Could you give back every record below exactly, leaving out the pictures?

#### AVAILABLE DATA
■ ■ ■ ■
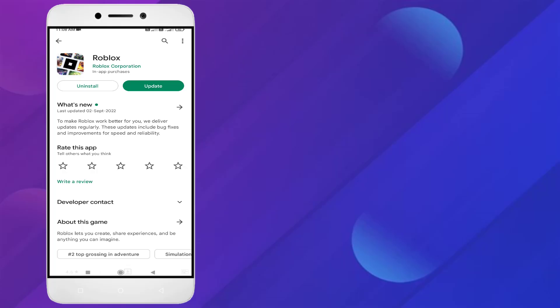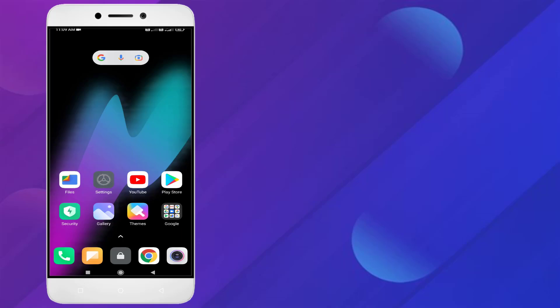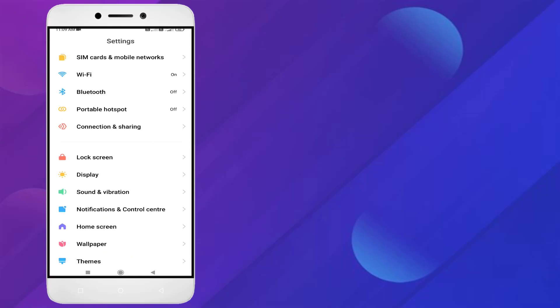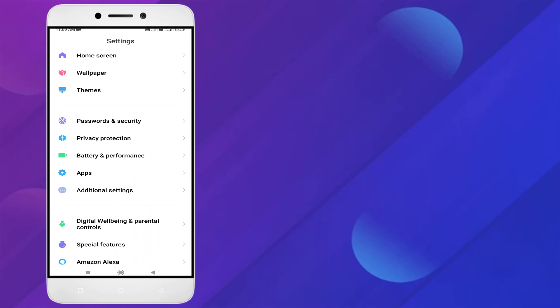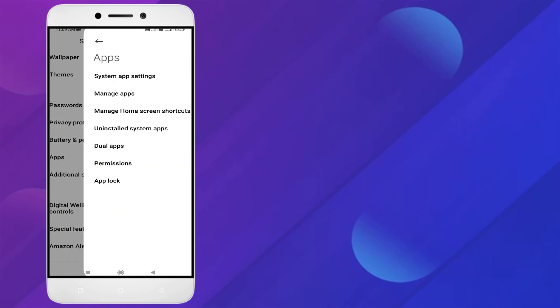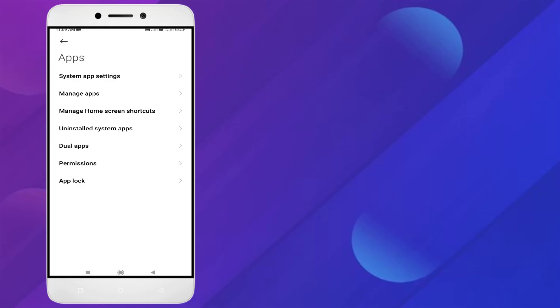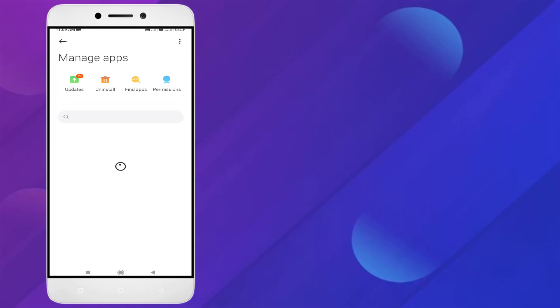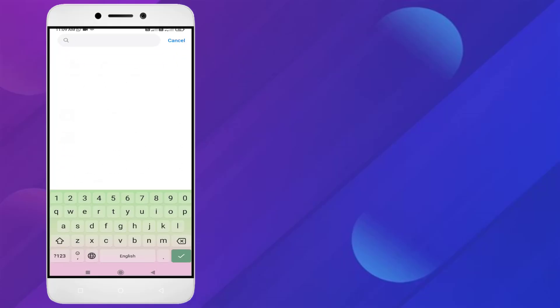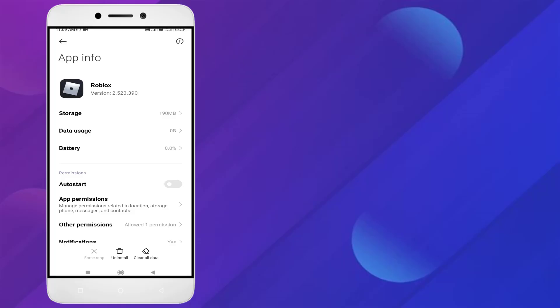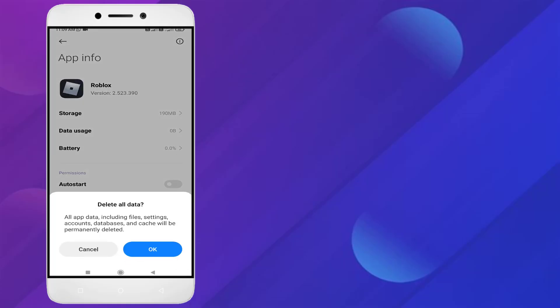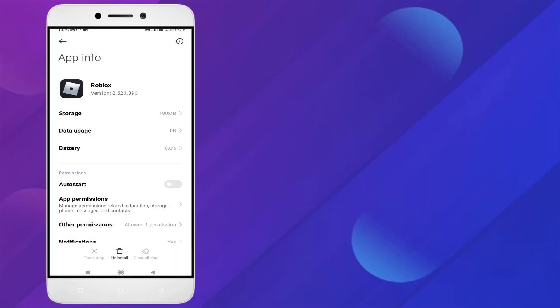Go to Android phone settings and scroll down. Click on Apps and click on Manage Apps. Then click on search bar and type Roblox. Click on clear all data, click OK.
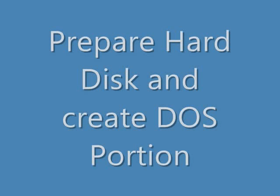Hi, in the next three minutes, I'm going to show you how to prepare hard disk drive and create DOS partition using the legacy Windows 98 startup disk.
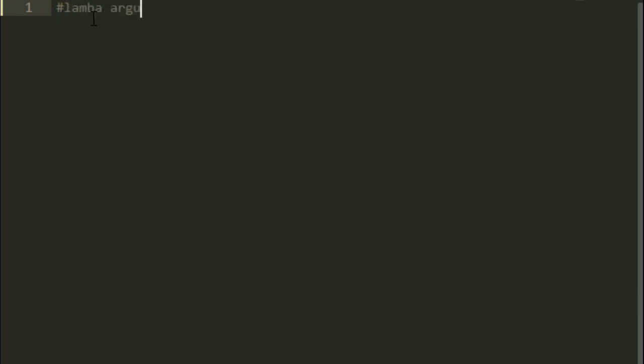So suppose I have a lambda function like this and our argument is on the side of it. And then it will be an expression.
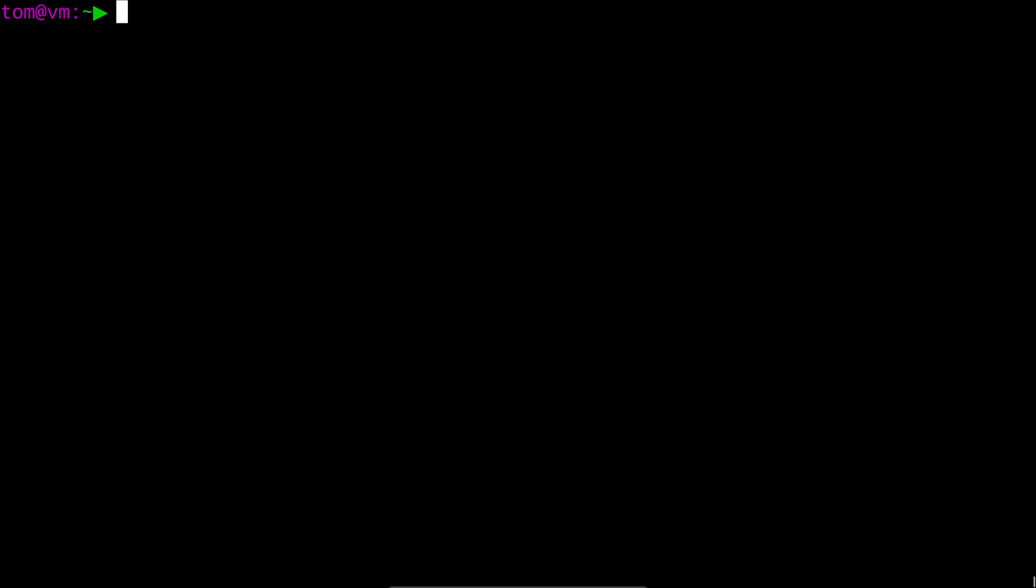At its most basic, the find command recursively lists all files and directories in the provided path, like this.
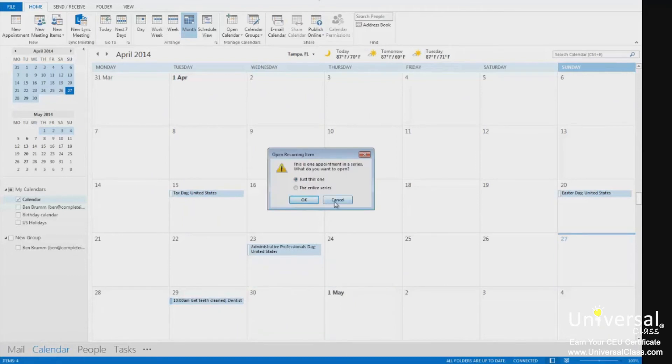If the Open Recurring Item dialog box appears, simply click Open this Occurrence or Open this Series and click OK.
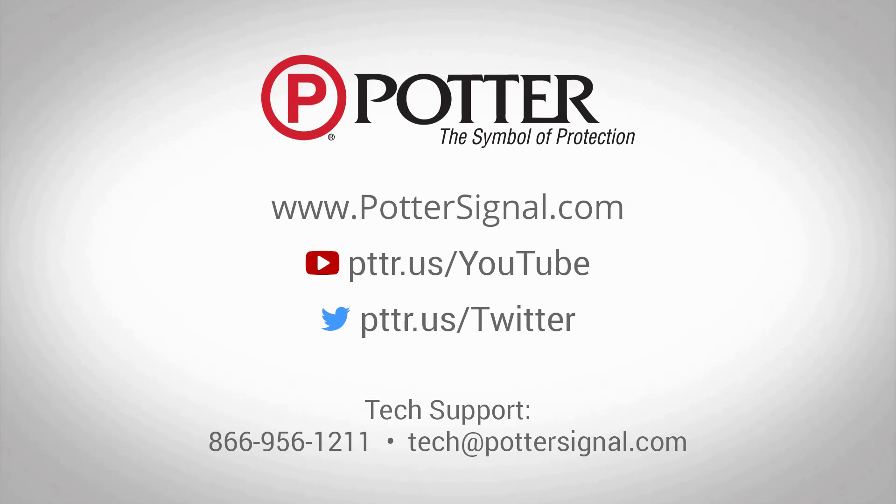Thank you for watching this video on how to program peer-to-peer panels on the Potter network. If you have any additional questions please feel free to contact tech support at the email address or phone number shown on the screen. And as always, don't forget to follow us on social media.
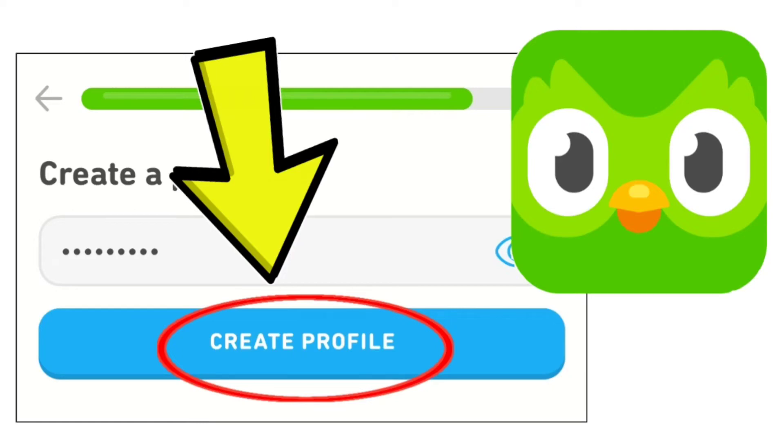How to fix Duolingo app can't click on create profile problem. Step-by-step detailed solution.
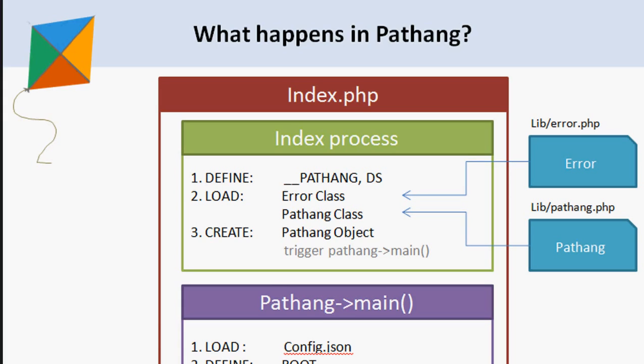The index process starts with defining a global constant _PATHANG, which is used in every file to block direct access. Then another global constant DS (directory separator) is created to make the URLs compatible for all different operating systems.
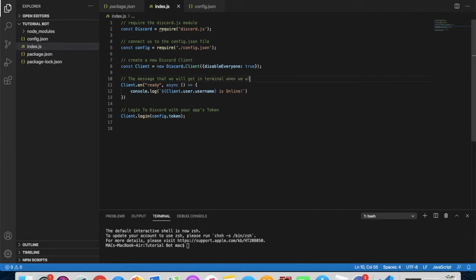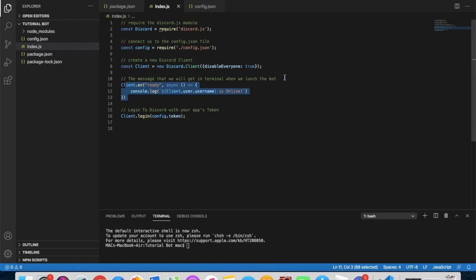When you are using your code, you don't have to put these notes. I'll just put them to let you know what this code stands for.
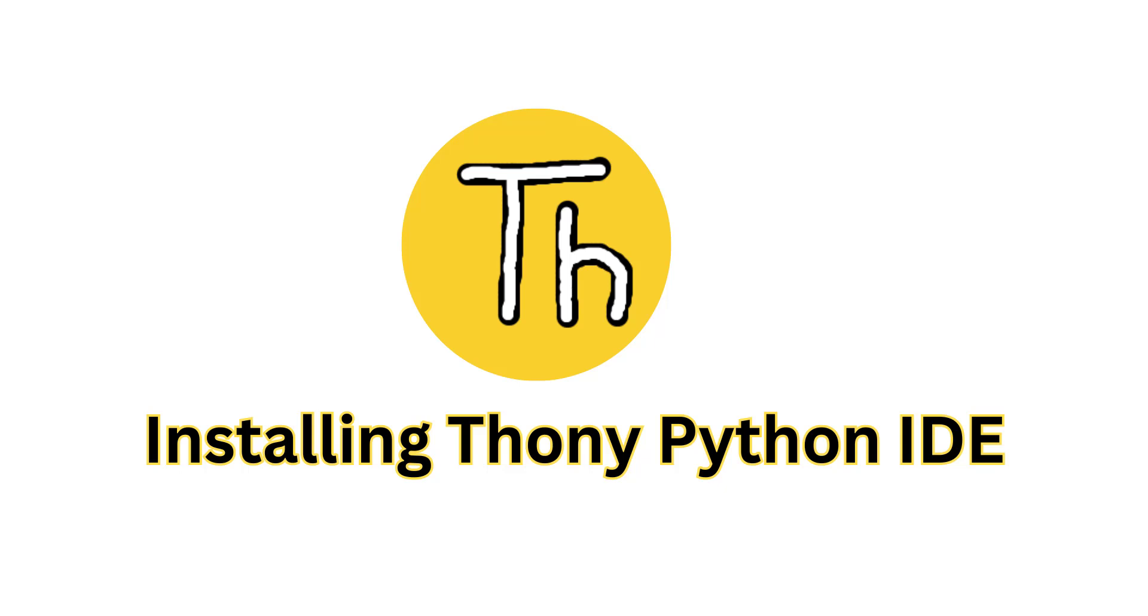Hello, welcome to the lesson on installing Thonny Python IDE.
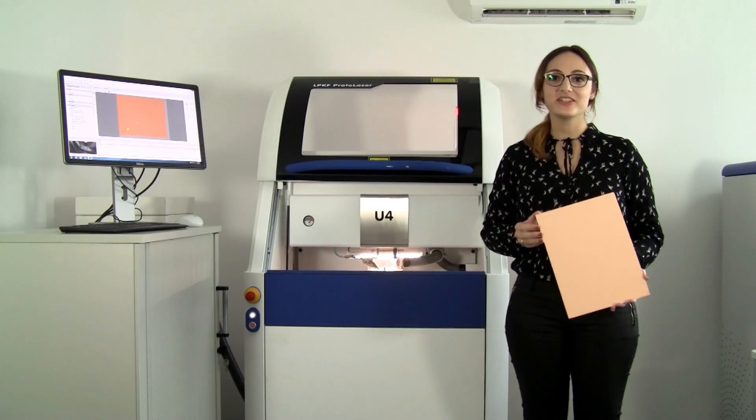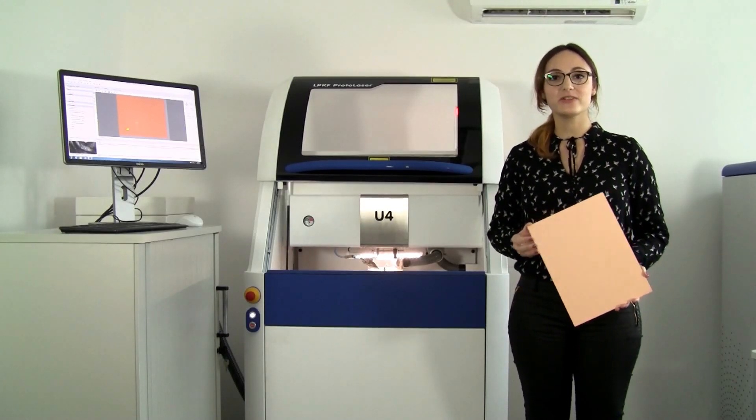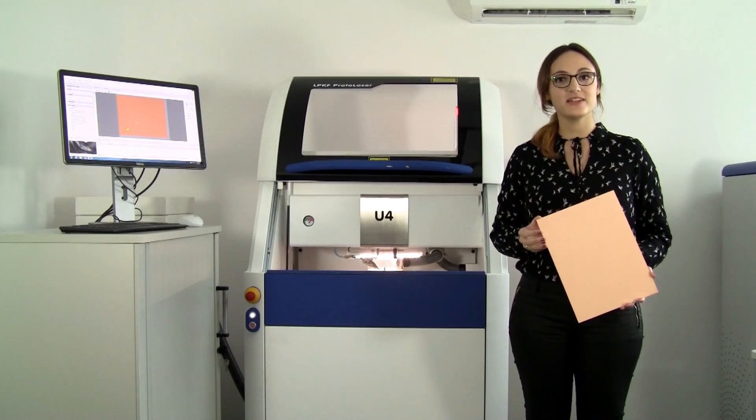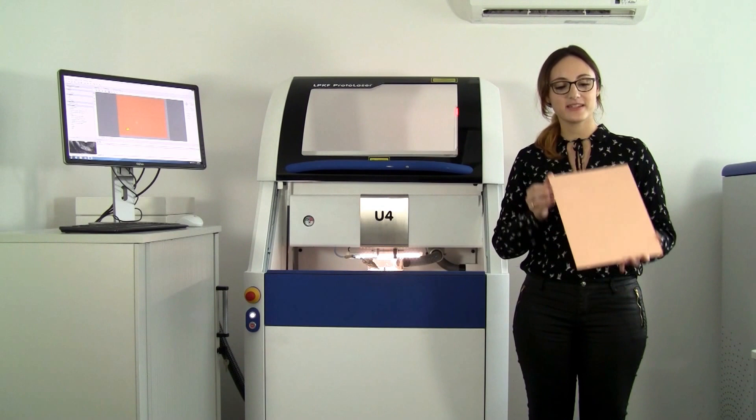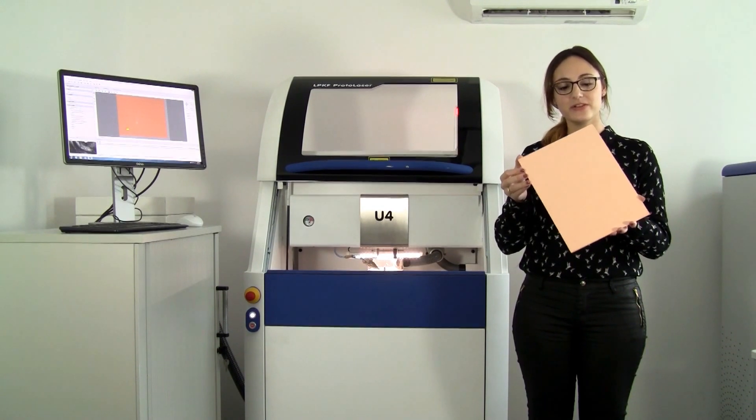Hey everyone, in today's session we are going to have a closer look at antenna grade laminates like this one here.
■ ■ ■ ■
#### ANSWER SECTION
Go to Android phone settings and scroll down. Click on Apps and click on Manage Apps. Then click on search bar and type Roblox. Click on clear all data, click OK.
Hi, in the next three minutes, I'm going to show you how to prepare hard disk drive and create DOS partition using the legacy Windows 98 startup disk.
So suppose I have a lambda function like this and our argument is on the side of it. And then it will be an expression.
At its most basic, the find command recursively lists all files and directories in the provided path, like this.
If the Open Recurring Item dialog box appears, simply click Open this Occurrence or Open this Series and click OK.
Thank you for watching this video on how to program peer-to-peer panels on the Potter network. If you have any additional questions please feel free to contact tech support at the email address or phone number shown on the screen. And as always, don't forget to follow us on social media.
How to fix Duolingo app can't click on create profile problem. Step-by-step detailed solution.
The index process starts with defining a global constant _PATHANG, which is used in every file to block direct access. Then another global constant DS (directory separator) is created to make the URLs compatible for all different operating systems.
When you are using your code, you don't have to put these notes. I'll just put them to let you know what this code stands for.
Hello, welcome to the lesson on installing Thonny Python IDE.
Hey everyone, in today's session we are going to have a closer look at antenna grade laminates like this one here.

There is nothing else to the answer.